Whatever runs from the line with "Mueble para TV" to the end of the records below must be copied exactly, with nothing else included.

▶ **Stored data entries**
####################

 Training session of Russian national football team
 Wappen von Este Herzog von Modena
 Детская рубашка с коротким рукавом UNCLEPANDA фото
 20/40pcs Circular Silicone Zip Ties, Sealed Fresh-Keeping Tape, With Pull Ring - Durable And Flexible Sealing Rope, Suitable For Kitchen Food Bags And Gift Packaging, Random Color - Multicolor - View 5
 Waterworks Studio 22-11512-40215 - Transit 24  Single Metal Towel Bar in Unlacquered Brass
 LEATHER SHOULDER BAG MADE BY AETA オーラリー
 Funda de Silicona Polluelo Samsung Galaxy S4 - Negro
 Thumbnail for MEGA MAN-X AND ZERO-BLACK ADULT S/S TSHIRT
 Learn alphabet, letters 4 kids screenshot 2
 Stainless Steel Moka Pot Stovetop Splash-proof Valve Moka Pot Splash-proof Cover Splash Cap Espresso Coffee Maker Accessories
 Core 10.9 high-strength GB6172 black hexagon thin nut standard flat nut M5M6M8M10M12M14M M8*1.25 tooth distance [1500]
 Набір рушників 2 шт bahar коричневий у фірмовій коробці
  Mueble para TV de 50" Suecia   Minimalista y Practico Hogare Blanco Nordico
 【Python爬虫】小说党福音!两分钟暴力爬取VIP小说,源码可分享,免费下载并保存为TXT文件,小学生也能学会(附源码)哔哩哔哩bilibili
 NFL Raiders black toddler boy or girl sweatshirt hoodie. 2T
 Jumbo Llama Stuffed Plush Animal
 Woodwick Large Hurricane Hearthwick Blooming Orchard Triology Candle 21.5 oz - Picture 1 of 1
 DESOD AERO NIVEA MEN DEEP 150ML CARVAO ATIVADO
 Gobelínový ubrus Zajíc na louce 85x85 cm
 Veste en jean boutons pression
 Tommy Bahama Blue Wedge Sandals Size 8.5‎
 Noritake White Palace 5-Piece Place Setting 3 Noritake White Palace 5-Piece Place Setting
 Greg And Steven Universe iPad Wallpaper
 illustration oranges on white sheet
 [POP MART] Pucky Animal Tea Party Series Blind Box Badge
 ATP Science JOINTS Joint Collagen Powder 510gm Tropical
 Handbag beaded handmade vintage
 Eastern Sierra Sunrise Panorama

####################

▶ **Response for this exercise**
  Mueble para TV de 50" Suecia   Minimalista y Practico Hogare Blanco Nordico
 【Python爬虫】小说党福音!两分钟暴力爬取VIP小说,源码可分享,免费下载并保存为TXT文件,小学生也能学会(附源码)哔哩哔哩bilibili
 NFL Raiders black toddler boy or girl sweatshirt hoodie. 2T
 Jumbo Llama Stuffed Plush Animal
 Woodwick Large Hurricane Hearthwick Blooming Orchard Triology Candle 21.5 oz - Picture 1 of 1
 DESOD AERO NIVEA MEN DEEP 150ML CARVAO ATIVADO
 Gobelínový ubrus Zajíc na louce 85x85 cm
 Veste en jean boutons pression
 Tommy Bahama Blue Wedge Sandals Size 8.5‎
 Noritake White Palace 5-Piece Place Setting 3 Noritake White Palace 5-Piece Place Setting
 Greg And Steven Universe iPad Wallpaper
 illustration oranges on white sheet
 [POP MART] Pucky Animal Tea Party Series Blind Box Badge
 ATP Science JOINTS Joint Collagen Powder 510gm Tropical
 Handbag beaded handmade vintage
 Eastern Sierra Sunrise Panorama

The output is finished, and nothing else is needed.